### Given data

..............................

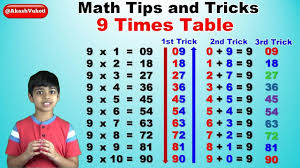 Learn 9 Times Multiplication Table Easy And Fast Way For Kids Math T Math Tricks Learning Math Math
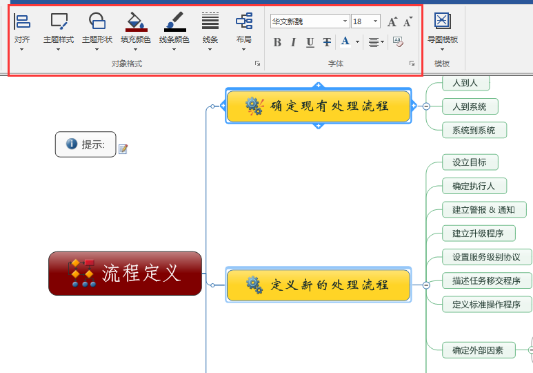 《MindManager》思维导图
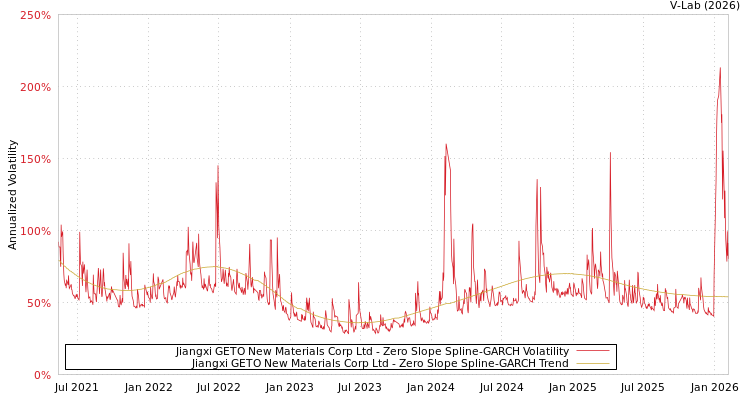 graph of Jiangxi GETO New Materials Corp Ltd S0GARCH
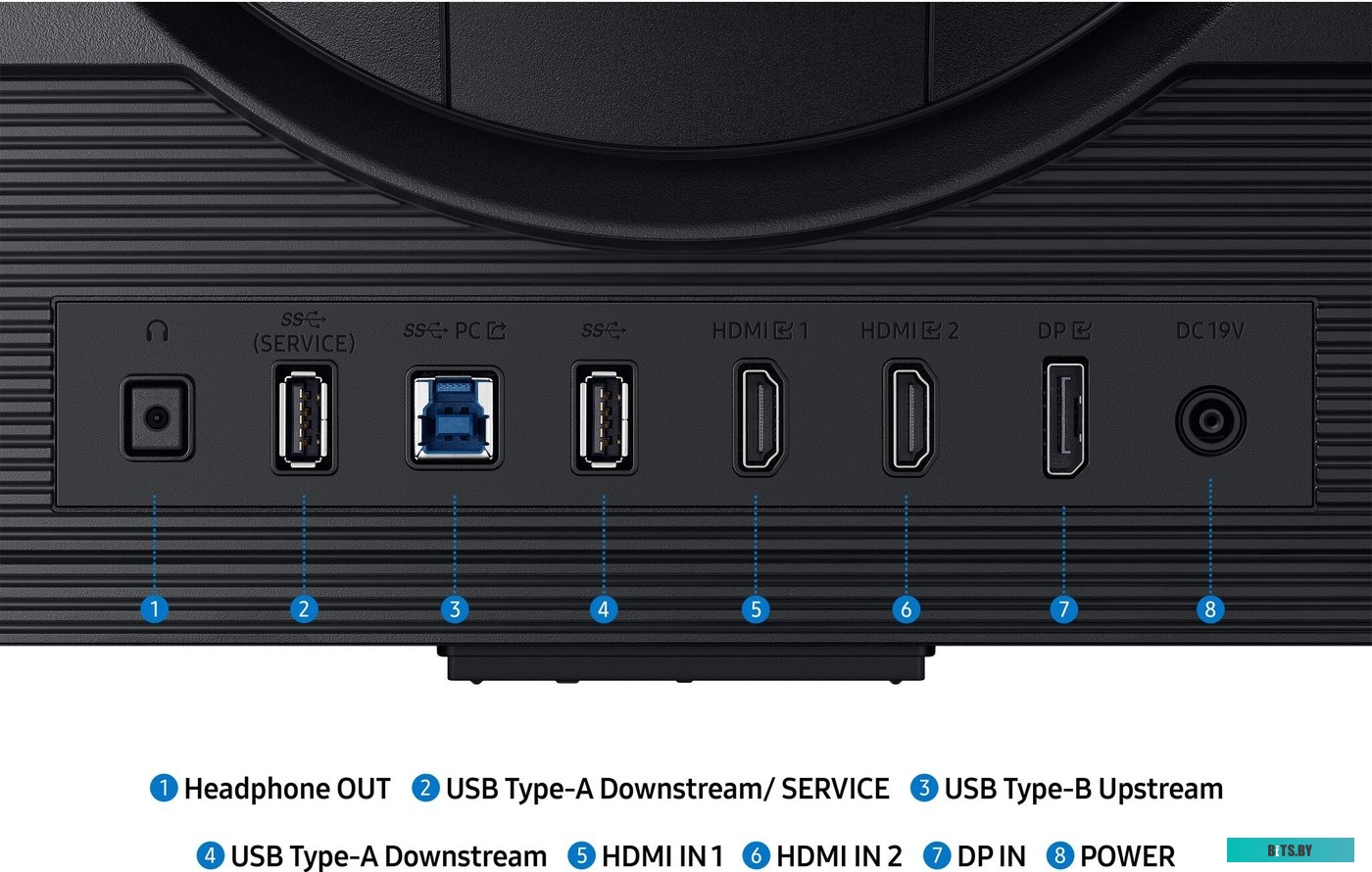 Монитор Samsung LS27FG706EIXCI (черный) LS27FG706EIXCI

..............................

### The problem
Transcribe every line of the data exactly. No pictures go in the copy.

### Final answer
 Learn 9 Times Multiplication Table Easy And Fast Way For Kids Math T Math Tricks Learning Math Math
 《MindManager》思维导图
 graph of Jiangxi GETO New Materials Corp Ltd S0GARCH
 Монитор Samsung LS27FG706EIXCI (черный) LS27FG706EIXCI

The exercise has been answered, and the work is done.